Source records
☆ ☆ ☆ ☆

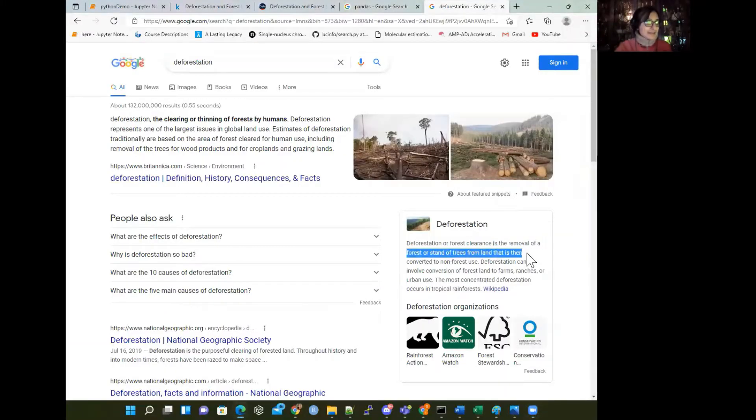We're going to work with pandas — maybe pun intended — to help us better understand deforestation, because pandas need forests. So we're going to be working with pandas, which is a Python library, and Python is going to be really helpful for our analysis. Pandas really do need forests, and deforestation is the destruction or clearance of forests — where we get rid of the stand of trees from land, which is usually converted to non-forest use.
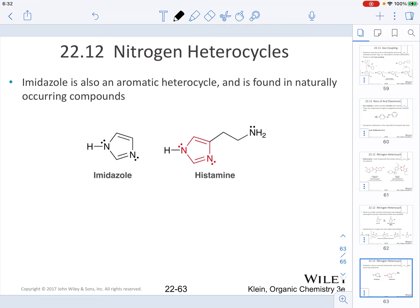Another nitrogen heterocycle is imidazole, which is a naturally occurring compound. The imidazole ring is actually part of histamine. Whenever you have allergy responses, that's why you take an antihistamine — histamines are naturally occurring compounds.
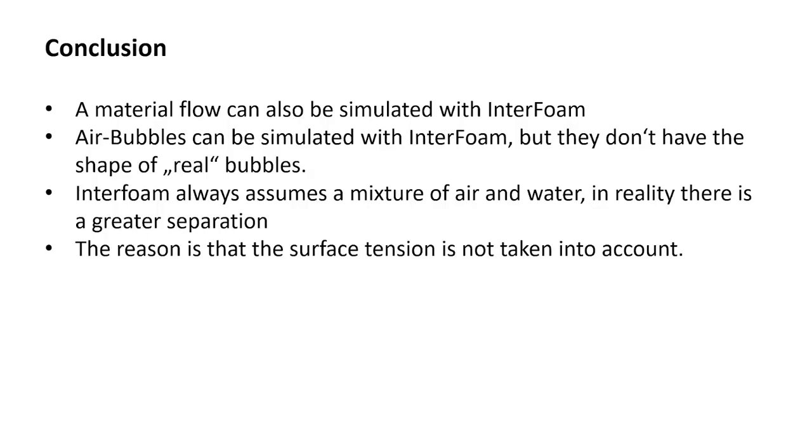Let's come to the conclusion. A material flow can be simulated with Interfoam. Air bubbles can be simulated with Interfoam, but they don't have the shape of real bubbles. Interfoam always assumes a mixture of air and water. In reality, there is a greater separation. The reason is that there is a surface tension and this is not taken into account. Thank you very much for your attention and I hope to see you in my next video tutorial. Bye-bye.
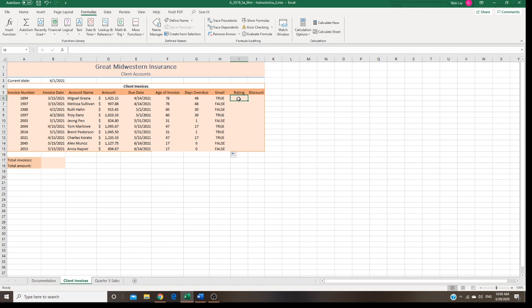Next step is we're going to rate the customers — A, B, C, D. First of all, if you are overdue less than one day, you're a new good customer, so you get A. If you are overdue less than 30 days, you get B. Otherwise, you get C.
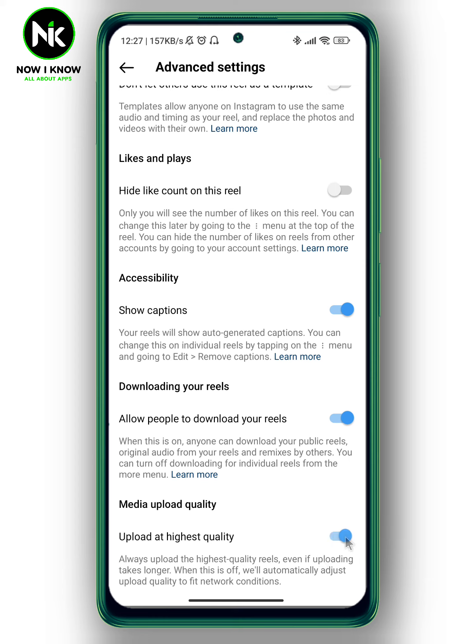The reel is going to be at highest quality. And this is it. Thanks for watching. See ya, bye.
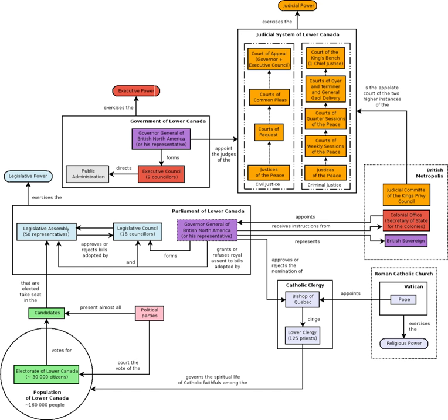It covered the southern portion of the current-day Province of Quebec, Canada, and the Labrador region of the modern-day Province of Newfoundland and Labrador until the Labrador region was transferred to Newfoundland in 1809.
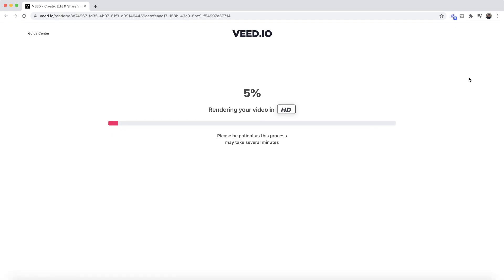Once you're happy, just click export in the top right. VEED then starts to render your project with its new clean audio and background noise removed. Once it's finished you can go ahead and download it to your computer — and that is how to remove the background audio from a video online.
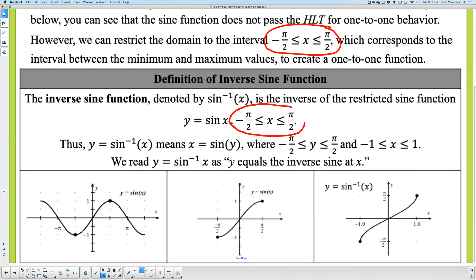For inverse sine, we switch inputs and outputs. The restricted domain of sine from −π/2 to π/2 becomes the range of the inverse. The original range of sine — from −1 to 1 — becomes the restricted domain of the inverse. So inverse sine has a domain of [−1, 1] and a range of [−π/2, π/2].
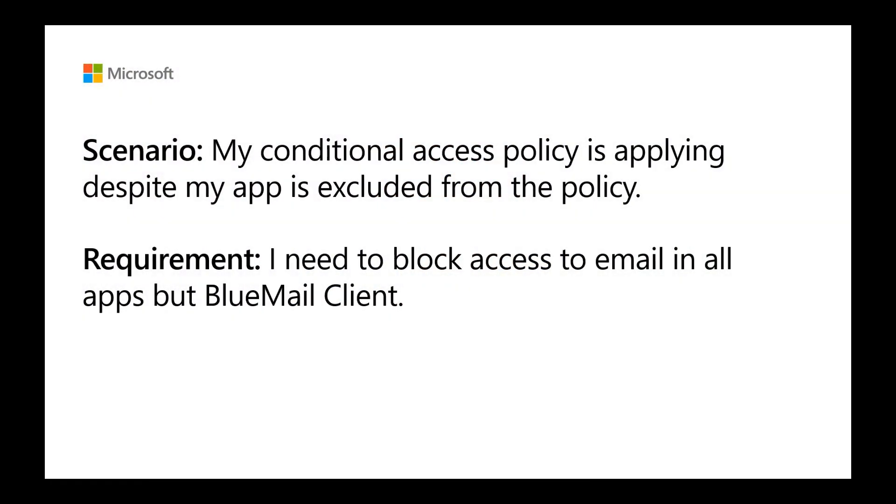I have the following scenario. My conditional access policy is applying despite my app being excluded from the policy. The requirement here is that I need to block access to email in all apps, but the BlueMail client.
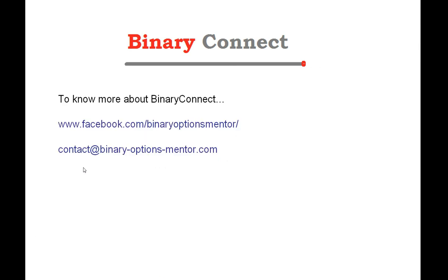If you want to know more about binary connect or if you want to ask for support, then you can contact us. For support, you have, I already said it, you have the details at the end of the user manual about how to contact support. So, I hope it was useful, this video, to help you understand what are the steps for installation with MT4 version of binary connect. See you in the next video. Thank you. Bye.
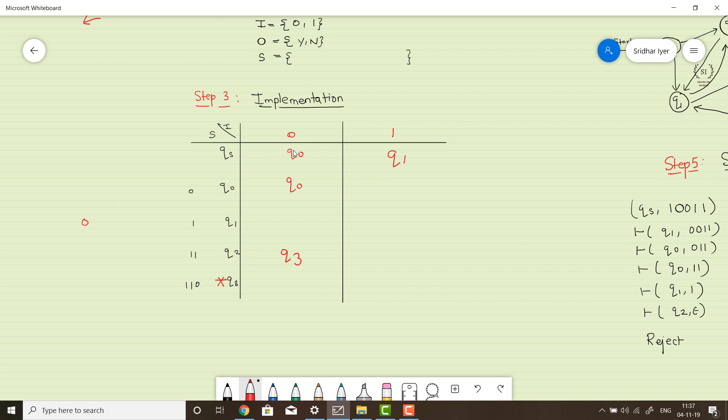What if q0 receives input 1? We now have the input 01. Do we have any state ending with 01? No. But we do have a state ending with 1. Since 01 also ends with 1, its last symbol is 1. So we say that 01 is an input ending with 1, and the state is q1.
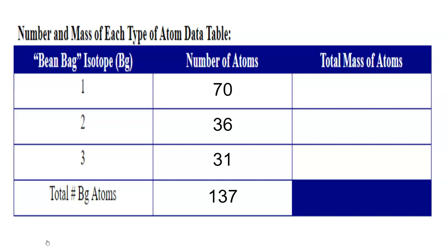So in your portfolio, you should have this same data table. Let's go ahead and put in the number of atoms that we got for each of the three BG isotopes. So isotope one was 70, two was 36, and three, 31 atoms. For a total number of atoms for our BG element in this particular lot was 137 atoms. Excellent.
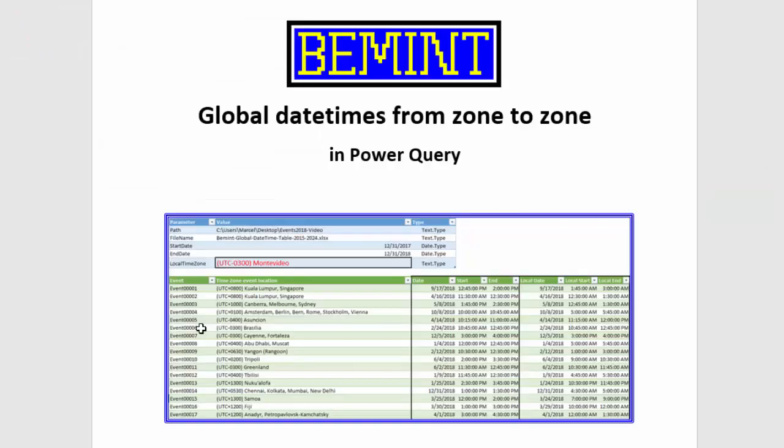So for this video thanks for watching and see you again in another video about global date times in Power Query.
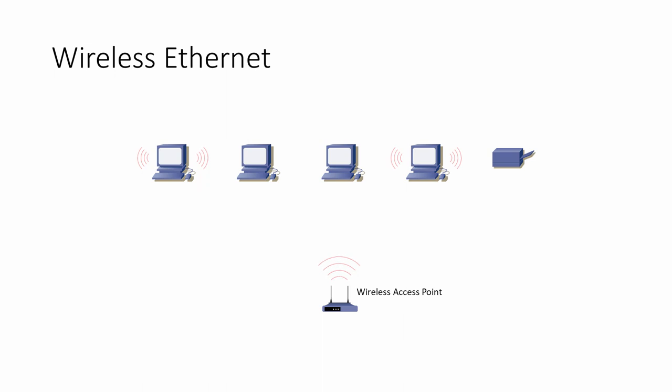A wireless network interface card can't transmit and receive at the same time. It's said to be half duplex. And since other computers may be too far away for direct communication, one computer doesn't necessarily know if another is attempting to transmit at the same time.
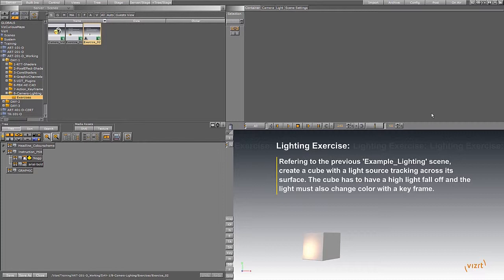Hello, my name is Jonathan. I am your viz trainer for this module. For the camera and lighting exercise, they're both very similar and they both have the same idea of using a geometry to track and follow a light source or an object, and having that geometry act as a light source.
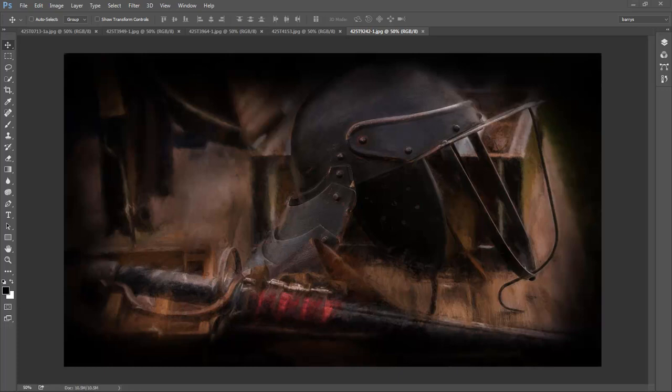Creating something unique usually involves Photoshop layers and masks and perhaps at least two or three applications of different filters to the one image. It also usually entails a little bit of hands-on manipulation to finish the image off.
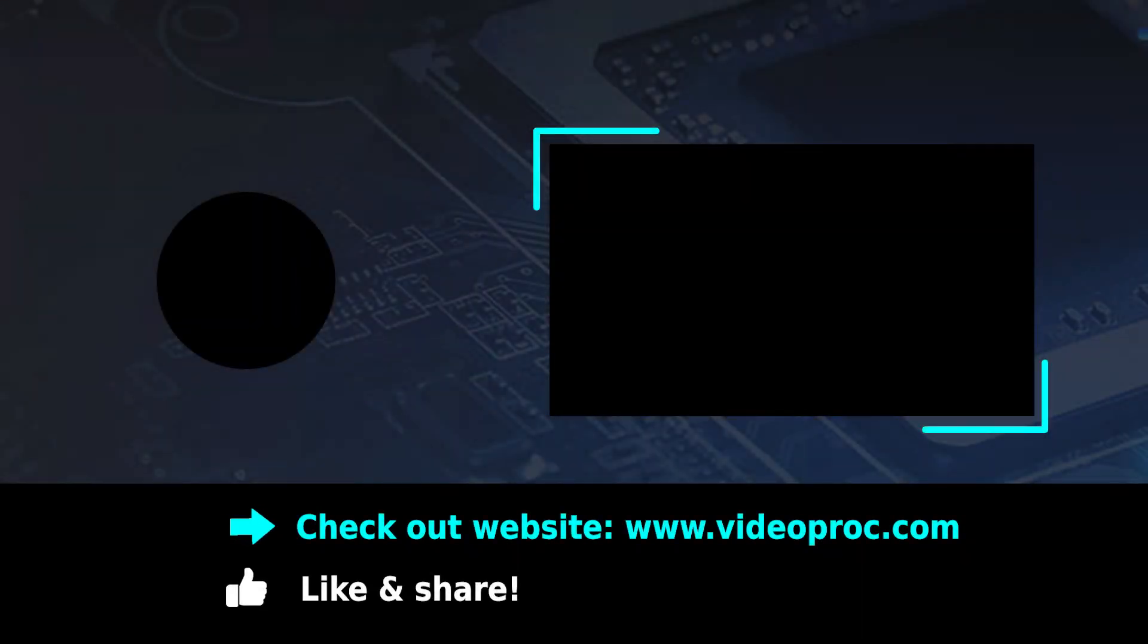So this is how to easily record your computer screen on Windows 10. It's the same way to record screen on Mac system. Please subscribe and like the video if you find this helpful. Thank you for watching.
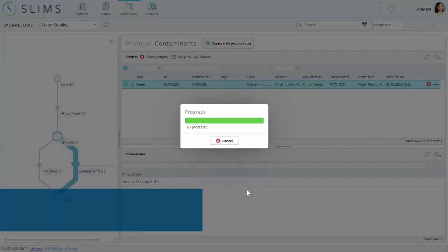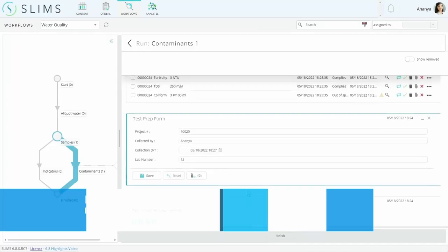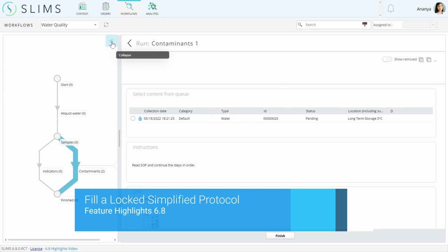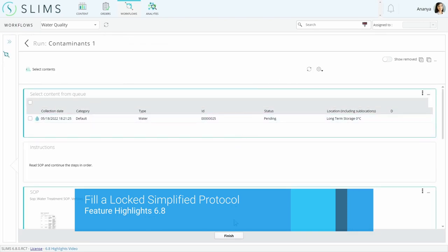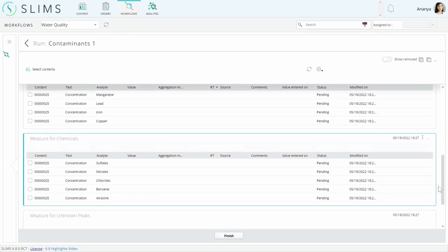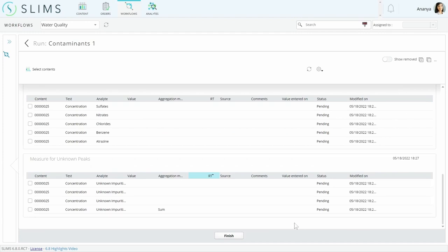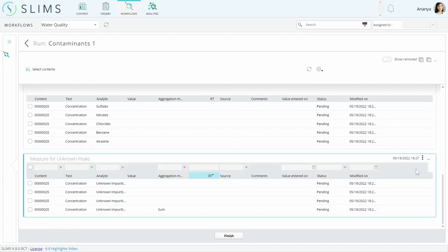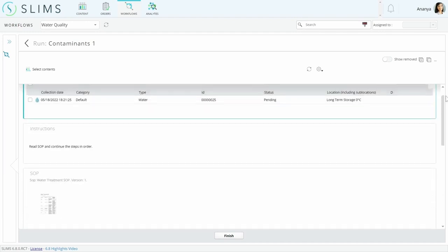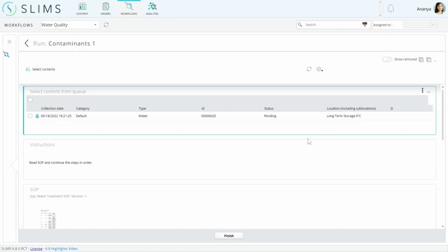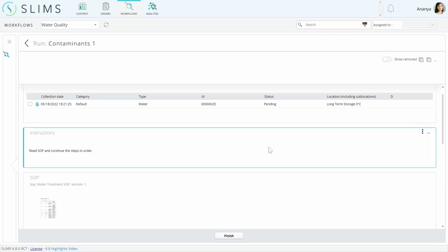The contaminants protocol is locked by comparison to the indicators protocol. We want the user to go through the run from top to bottom, so it isn't possible to add, rename, copy, or drag blocks around. The blocks also cannot be removed due to a restriction at the block level. This note block has also been made read-only to provide instructions.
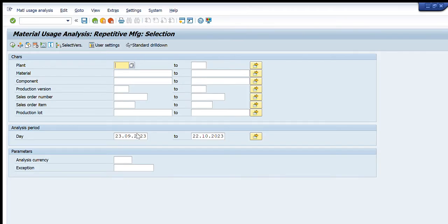A window will appear with multiple tabs that you need to fill depending on the type of data you want to get. The fields include plant, material, component, version, sales order number, sales order item, production lot, and date.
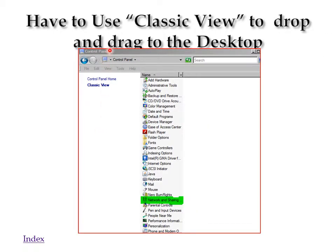What we want to do is use the classic view so that we can drag and drop it to our desktop.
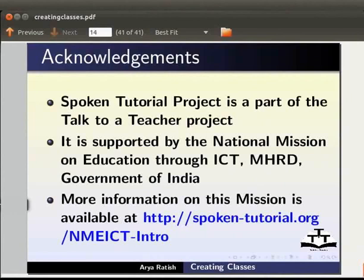Thus we have come to the end of this tutorial. This is Arya Ratish from IIT Bombay signing off. Thanks for joining us.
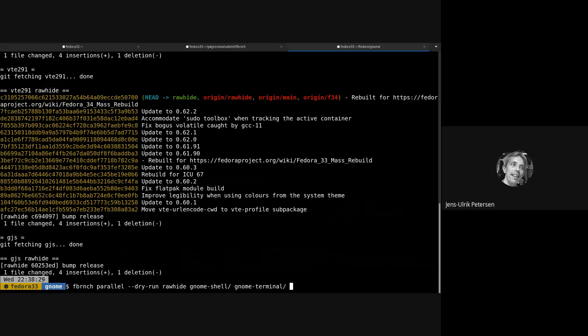gjs, vte291. All right, notice I put these deliberately in the reverse dependency order.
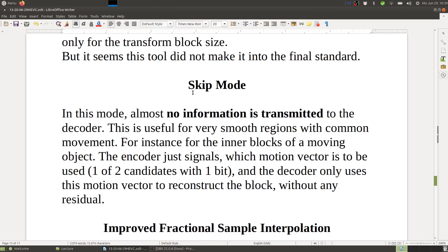There is also the skip mode. In this mode, almost no information is transmitted to the decoder. This is useful for very smooth regions with common movement — for instance, inner blocks of a moving object. The encoder just signals which motion vector to use, one of two candidates with one bit, and the decoder uses only this motion vector to reconstruct the block without any residual. This is similar to planar coding except that here a motion vector is reused instead of transmitting pixel information. Very efficient — it saves many bits and is very simple.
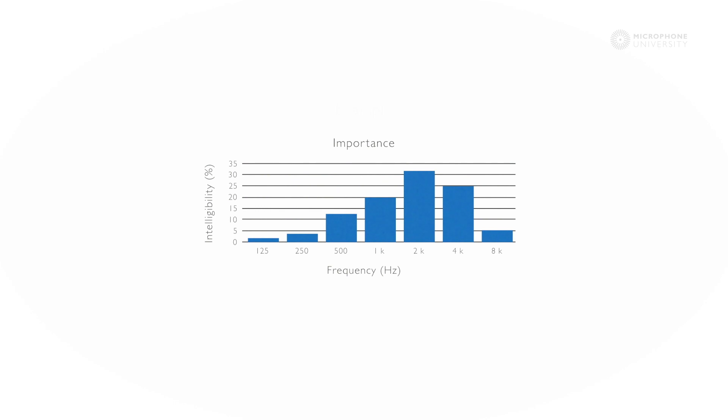The reason for this is that this 2 to 4 kHz area is where the consonants in non-tonal language are predominant. And without these consonants, the intelligibility is reduced. So you see from this graphics the importance of the different frequencies.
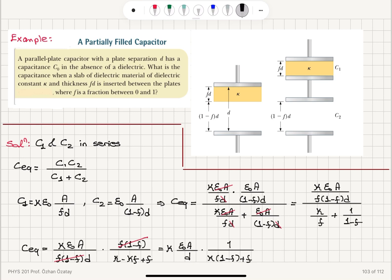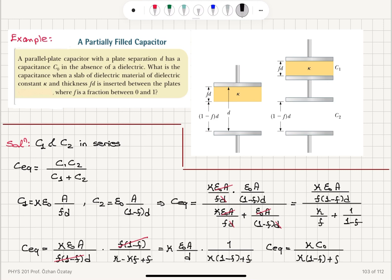Now epsilon_0*A over D is the original capacitance C0. Therefore I can write the equivalent capacitance as kappa*C0 divided by (kappa*(1 minus f) plus f). That's the final answer for the equivalent capacitance.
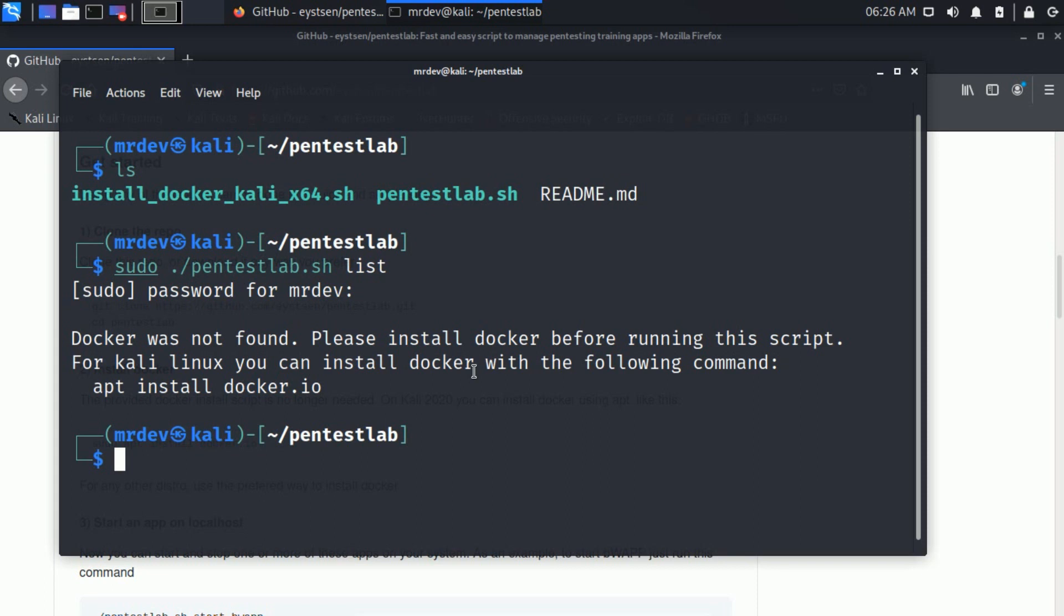The provided Docker install script is no longer needed. On Kali 2020, you can install Docker using apt, like this.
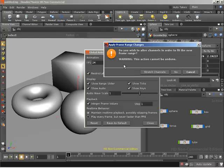It is going to ask us do we wish to alter the channels in order to fit the new frame range, meaning that if you had animation on different channels or parameters in your scene here, do we want to change it or alter it to fit the new frame range?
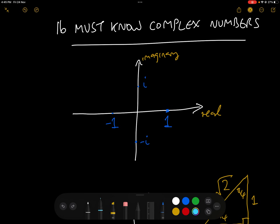There are 16 must-know complex numbers that appear in pretty much every single examination question on complex numbers for those entering university that I've ever seen, and it's absolutely vital that you know every single one of them backwards, and how to convert between the three forms: general, polar, and exponential. So let's get going.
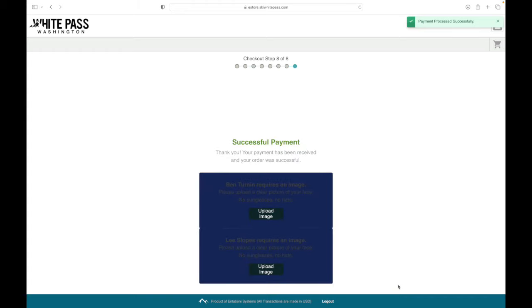So we've finally reached the final step. Now that your payment's been successful, we'll complete the photo upload.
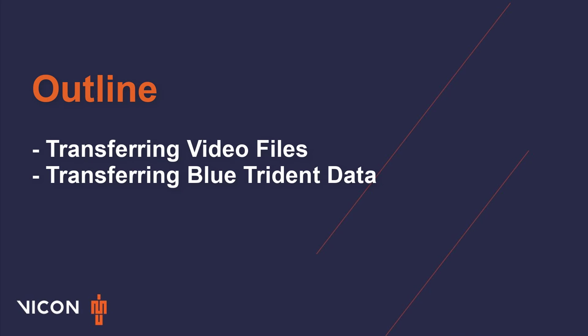Welcome to your Nexus 2 tutorial. This video covers the basic workflow for managing your reference video and IMU data post-capture. It is important that these steps are completed soon after capture and must be completed before any trials or folders are renamed or relocated.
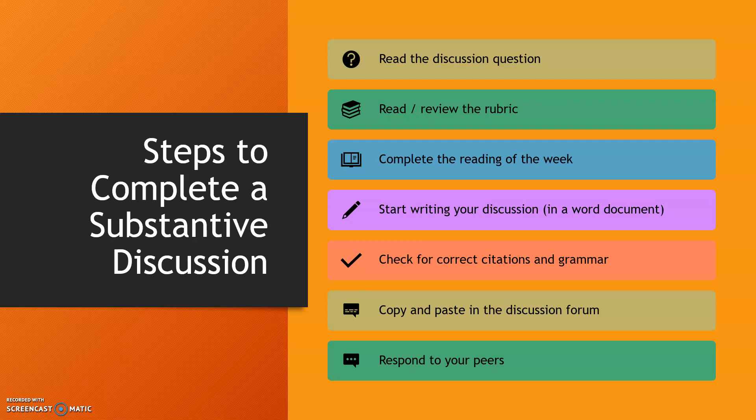Please do not attach a document unless it is required by the instructor. Instead, copy the information from the Word document and post it in the forum.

☆ ☆ ☆ ☆

_Assigned task_
Go to the line above that has "Another nitrogen heterocycle" and copy exactly from there down to the line that has "Once you're happy, just", both included. Leave the pictures out.

_Response area_
Another nitrogen heterocycle is imidazole, which is a naturally occurring compound. The imidazole ring is actually part of histamine. Whenever you have allergy responses, that's why you take an antihistamine — histamines are naturally occurring compounds.
Let's come to the conclusion. A material flow can be simulated with Interfoam. Air bubbles can be simulated with Interfoam, but they don't have the shape of real bubbles. Interfoam always assumes a mixture of air and water. In reality, there is a greater separation. The reason is that there is a surface tension and this is not taken into account. Thank you very much for your attention and I hope to see you in my next video tutorial. Bye-bye.
Next step is we're going to rate the customers — A, B, C, D. First of all, if you are overdue less than one day, you're a new good customer, so you get A. If you are overdue less than 30 days, you get B. Otherwise, you get C.
The reel is going to be at highest quality. And this is it. Thanks for watching. See ya, bye.
It covered the southern portion of the current-day Province of Quebec, Canada, and the Labrador region of the modern-day Province of Newfoundland and Labrador until the Labrador region was transferred to Newfoundland in 1809.
Once you're happy, just click export in the top right. VEED then starts to render your project with its new clean audio and background noise removed. Once it's finished you can go ahead and download it to your computer — and that is how to remove the background audio from a video online.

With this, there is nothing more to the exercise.